The board plans to meet Aug. 11 to address the matter further.
“Although we hoped this week to be able to lay out a complete plan before you, it’s just not feasible right now,” Dobos said, citing the administration’s monitoring of guidance from various governmental agencies that “seems to change daily, if not hourly.”
Other considerations have prompted the probable change in direction.
“Part of the reason is last week’s plan made it clear to all of us that if we went back fully, we would not be able to social distance.
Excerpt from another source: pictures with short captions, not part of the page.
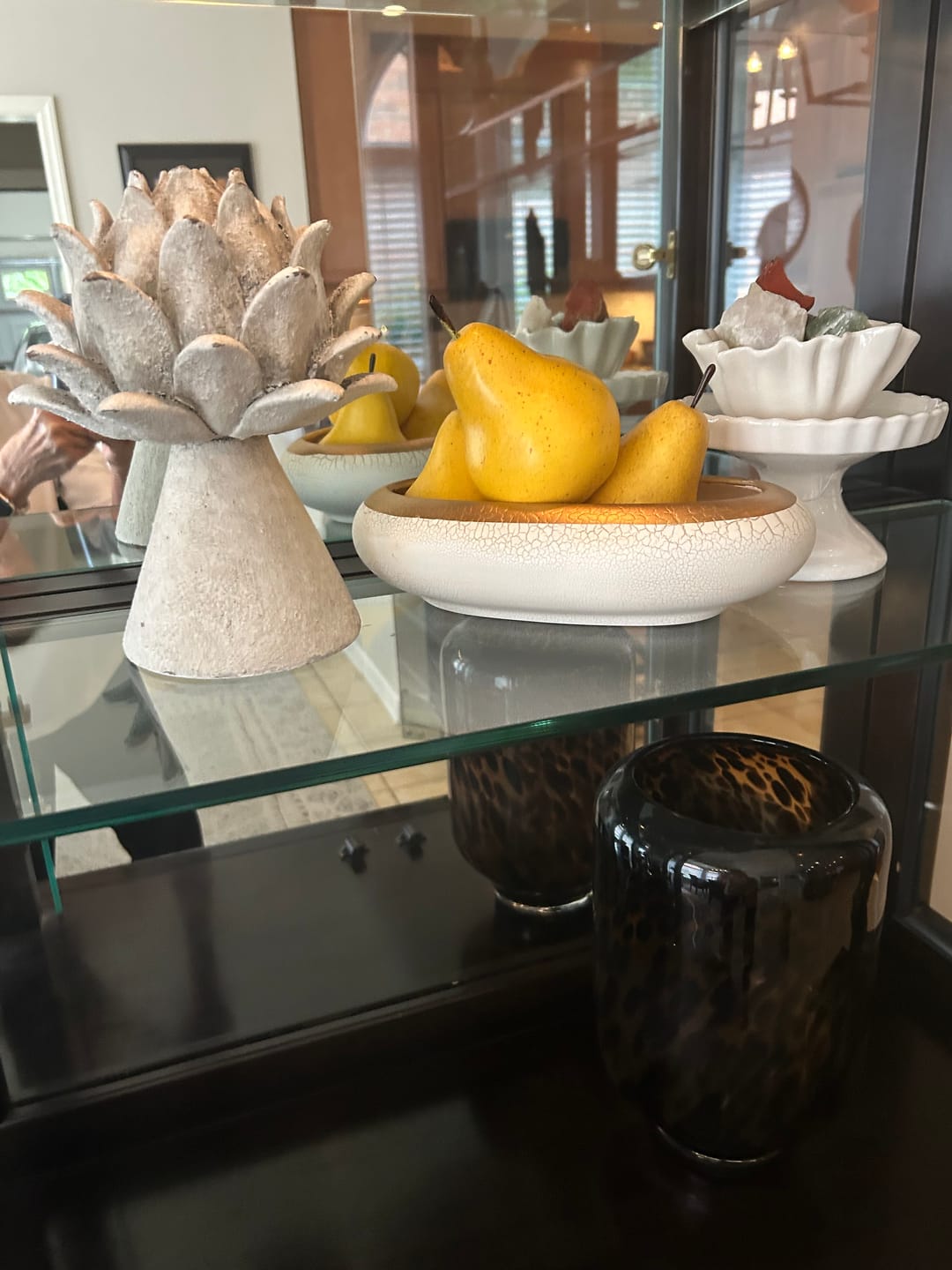 Customer photo review of Faux Stone Artichoke Finials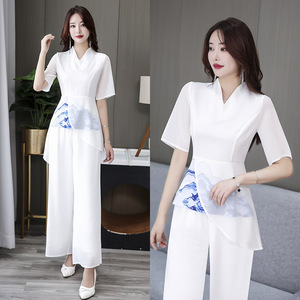 2024新款酒店沐足洗浴工作服长裤足浴足道会所技师服美容师工衣女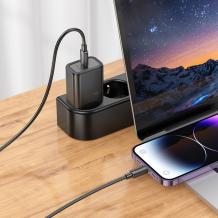Зарядно устройство HOCO N62 220V 30W / Type C to Lightning - черен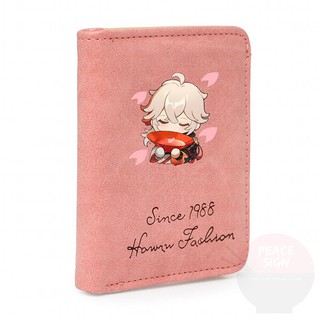 Ví ngắn cầm tay in hình nhân vật KAZUHA Genshin Impact game chibi anime đựng vật dụng nhỏ xinh xắn tiện lợi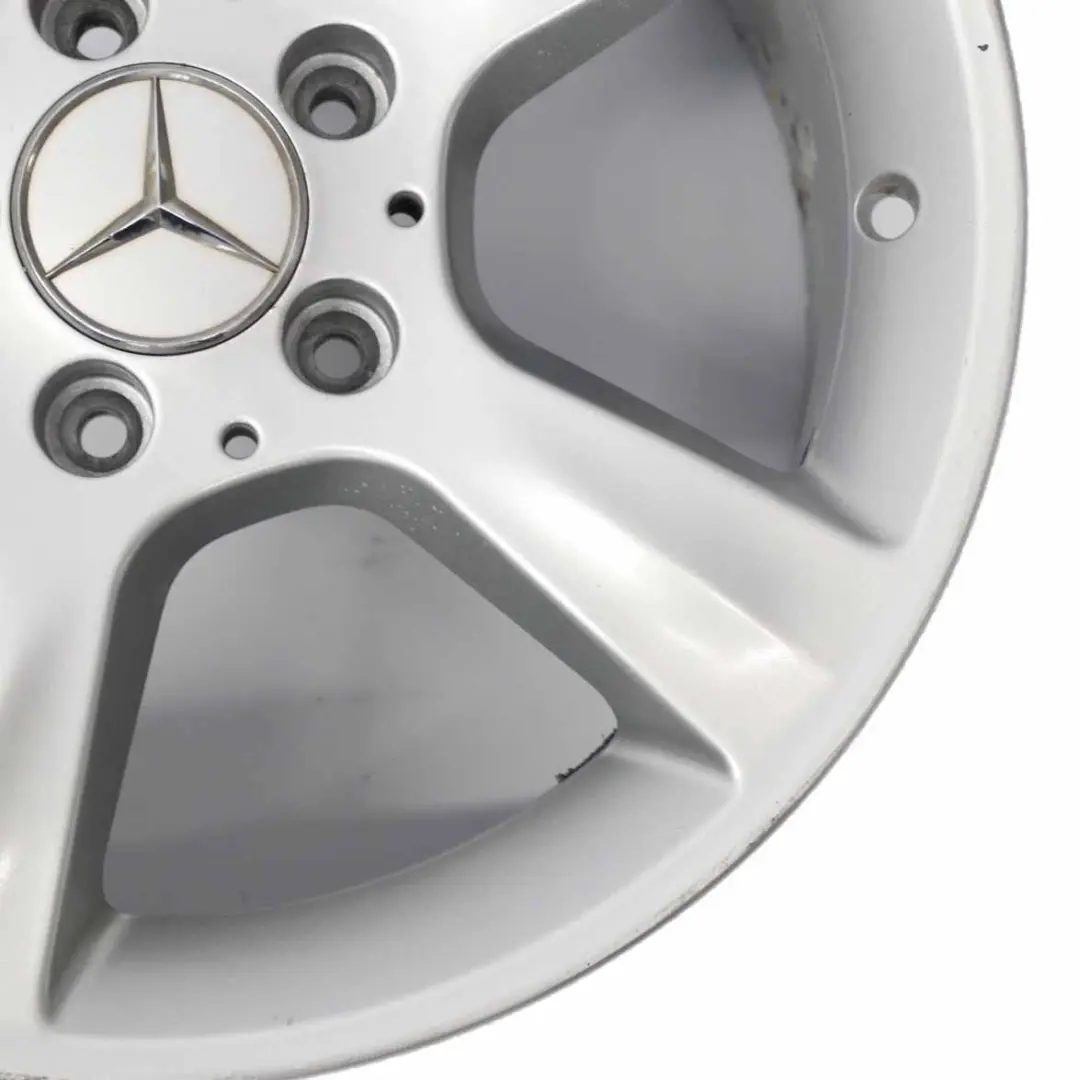Silberne Leichtmetallfelge 5 Speichen 16" ET:32 8J für Mercedes W203 mit Teilenummer A2034013102 Mercedes W203 Silberne Leichtmetallfelge 5 Speichen 16" ET:32 8J - SKU A2034013102-2 - Teilenummer A2034013102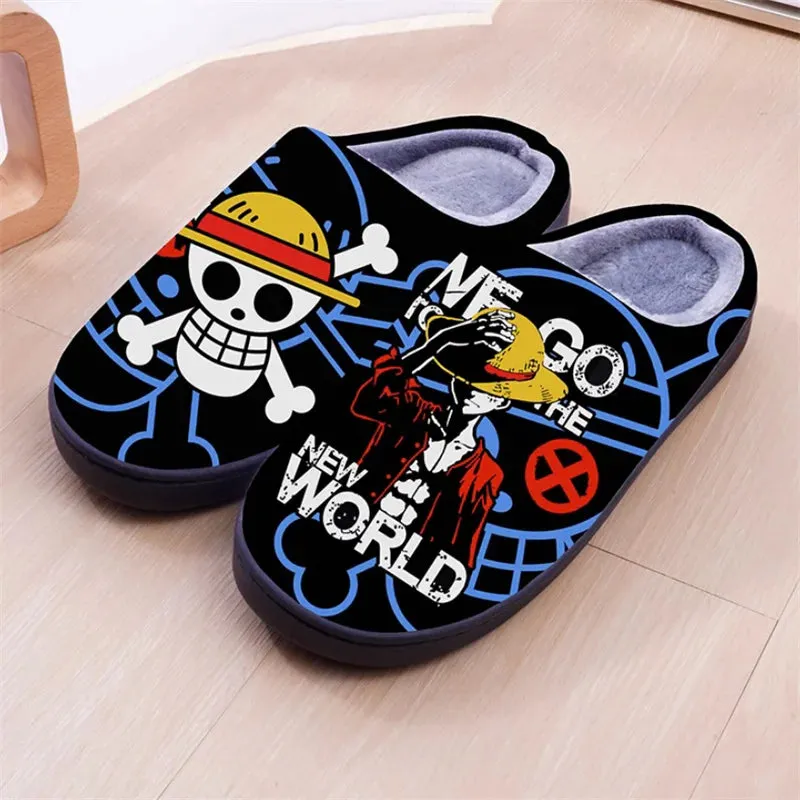 Anime ONE PIECE Monkey D. Luffy Roronoa Zoro Nami Cosplay Sandals Cotton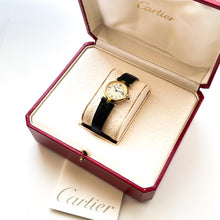 Load image into Gallery viewer, Ladies&#39; Vintage 1980s Cartier Must Vendome Vermeil Quartz Watch - Gold-Plated Silver 925 with Cream Dial - Original Box
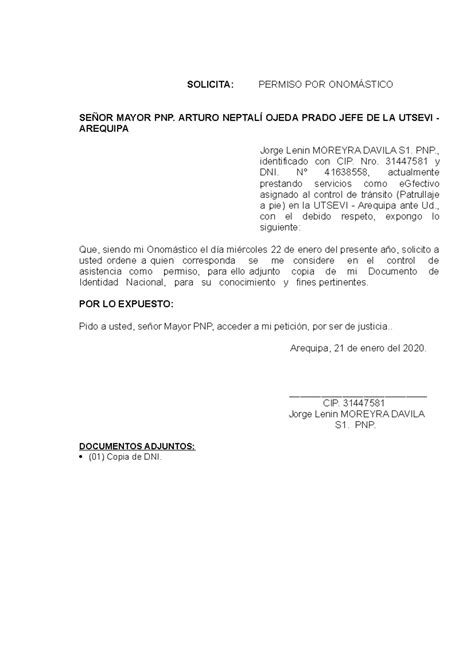 Carta De Solicitud De Permiso Para Descargar Word Gratis ... 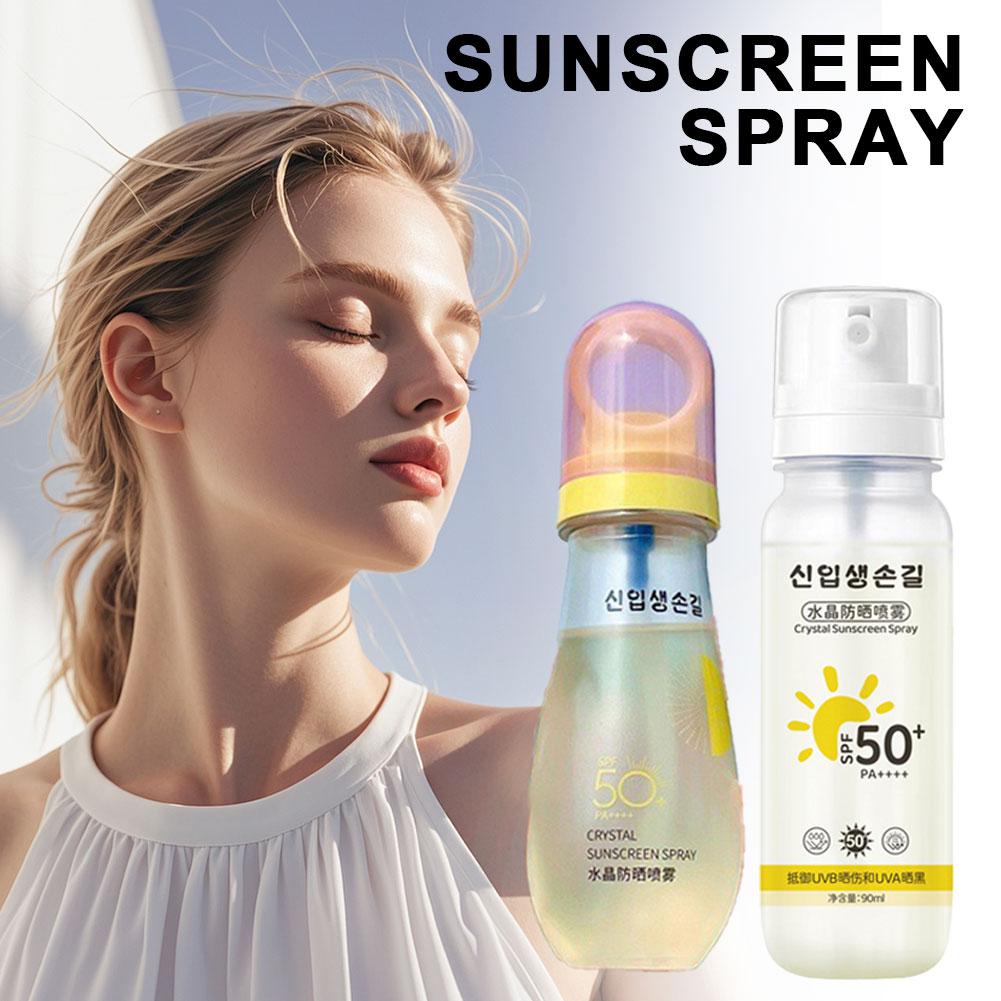 Korean Spf 50+ Sunscreen Spray - Face Moisturizer Spf recension och pris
And that was a huge concern for all of us, not being able to social distance in the classroom nor on the buses,” Dobos said. “We also have learned in this past couple of days that most of the school districts in our general area, right around where we are, are also moving to the hybrid, or blended, approach.”
With regard to remote instruction, the school board on July 28 approved the purchase of the Schoology Learning Management System, software by which faculty members can create and share academic content with students and parents or guardians.
District officials at this point do not favor starting the year on a fully remote basis, with Dobos referring to a comment made Monday by Gov. Tom Wolf that if a school goes completely virtual, it would seem difficult to justify playing in-person contact sports.
Joseph Dimperio, interim superintendent, further explained the district’s position.
“Our goal has always been to try to get children back in school in a safe environment, consistent with all of the guidelines and everything that goes with that,” he said. “These are such difficult times and such difficult decisions, but know that we have the children, parents and our community’s best interests at heart.”
At this point, the district calendar calls for students to return Aug. 26. A regular school board meeting is scheduled for Aug. 25.